I suspect that NEMA GPS messages [http://developer.android.com/reference/android/location/GpsStatus.NmeaListener.html ] from a tablet at a known point (with a clear sky view) could probably be sent over an internet socket to a smart phone (also with a clear sky view), which could then compute the difference and achieve a sub-meter relative location over a distance of few km, even if the assumed Internet transit times were ignored. This technique would probably still work even if the tablet and smart phone were both applying broadcast DGPS adjustments.
With the andvent of Android 7.1, the raw data from GPS chips will be available to developers. (http://gpsworld.com/google-to-provide-raw-gnss-measurements/)
Others seem to have done something similar to what you wish to accomplish (http://gpsworld.com/innovation-precise-positioning-using-raw-gps-measurements-from-android-smartphones/)
No, it is not practical to get any lower level access to the GPS device by an Android application. This has several reasons:
The application has no other means of accessing the GPS device as through the Java based API. Native code is forbidden to use most devices and usually needs a Java wrapper to tunnel through the sandbox for Android sensor devices. This makes up the main security concept.
If native code would have access to the GPS device on a lower level, it would have to cope with several different manufacturers protocols now not abstracted by the API. Best chances are to get access to custom NMEA codes, which may still have device dependent caveats.
Even if lower level access would be possible, one loses the integrated merging of other location sources like WLAN and cellphone carrier, that are presumably merged in native code below the Java API but above the NMEA protocol.
You can use DGPS corrections in Europe via custom application for SISnet receiving correction signals from EGNOS augmentation satellites(http://egnos-portal.gsa.europa.eu/news/egnos-gets-invite-your-smartphone-11). It does however need a subscription (which isn't really open to public yet) to SISnet to obtain username and password for connection to their servers. There's some of SDK published which you may find useful. Just remember that you are limited to C/A signals only (pseudoranges) and you CANNOT get phase data (L1/L2) from those cheap chips inside smartphones.You'd need a precision GNSS receiver such as Trimble BD910 (http://www.trimble.com/gnss-inertial/bd910.aspx?dtID=overview) to be able to access L1 carrier phase signal for GPS & GLONASS. There are however cheaper chips that support SBAS but none are yet installed natively in phones.

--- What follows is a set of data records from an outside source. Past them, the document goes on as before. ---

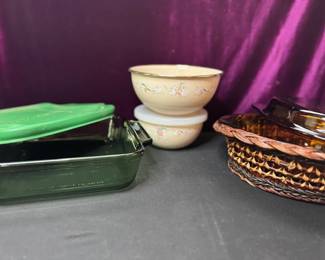 Two vintage anchor hocking bakeware with lids and two vintage enamel metal mixing bowls with marmalade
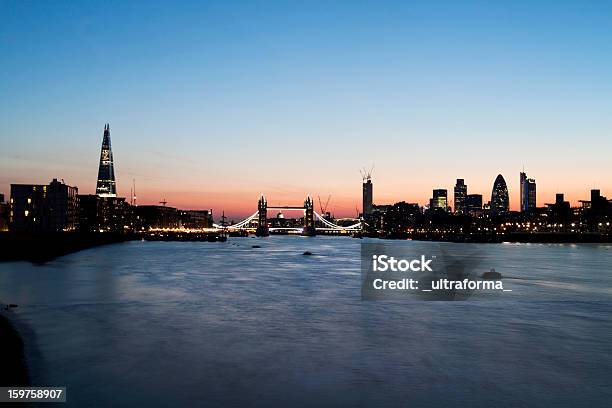 London Skyline В Сумерках — стоковые фотографии и другие картинки Лондонский мост - Англия - Лондонский мост - Англия, Абстрактный, Лондон - Англия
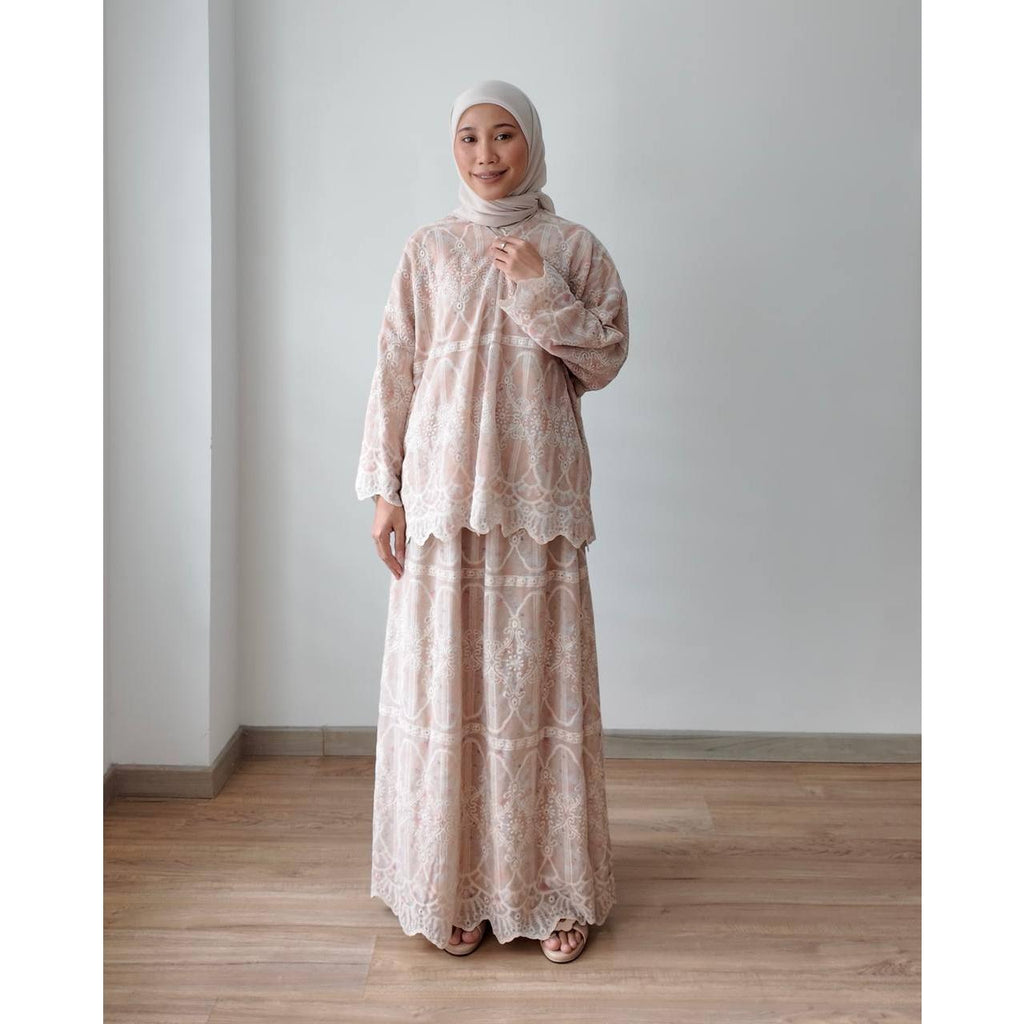 PAVINA KURUNG BY PETIKITA RAYA 2025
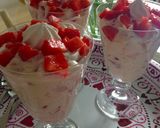 Φωτογραφία βήματος 5 της συνταγής Eton Mess - επιδόρπιο με φράουλες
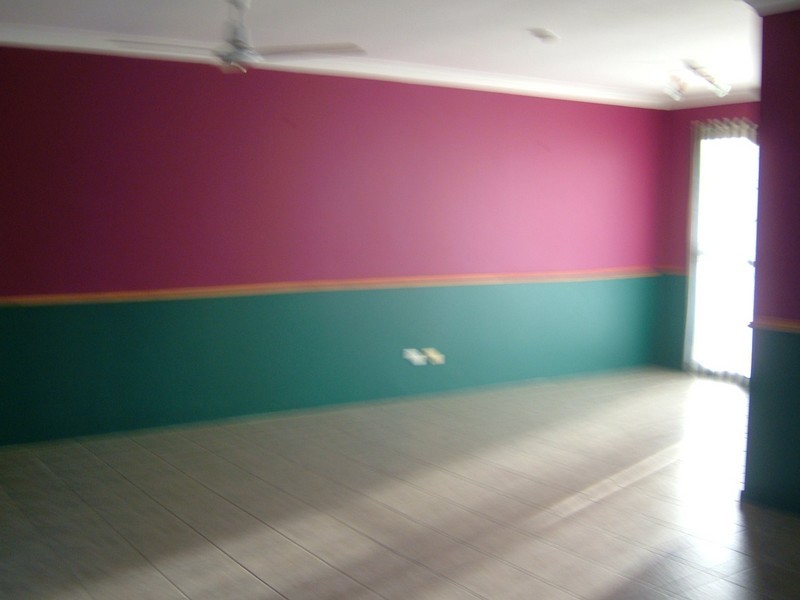 8 DEVINE STREET, Marsden QLD 4132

Umm. Your android probably has such a crap GPS antenna that achieving cm accuracy is impossible. Maybe if you average the position for days.. usually DGPS support is not published and not many chipsets support it. Last time I saw DGPS implemented it involved hacking the actual GPS chip firmware to add support. Even getting A-GPS to work on a random chipset is iffy since they might not support a documented way of feeding the assistance data.
It should be related with the hardware implementation , rather than the software implementation.
In the reality, GPS is usually accompanied with Wi-Fi or 3G to assist in searching the current position.
RTCM correction can be sent to your android phone using NTRIP 'provider'. Then you need to apply it to your raw GPS in your android.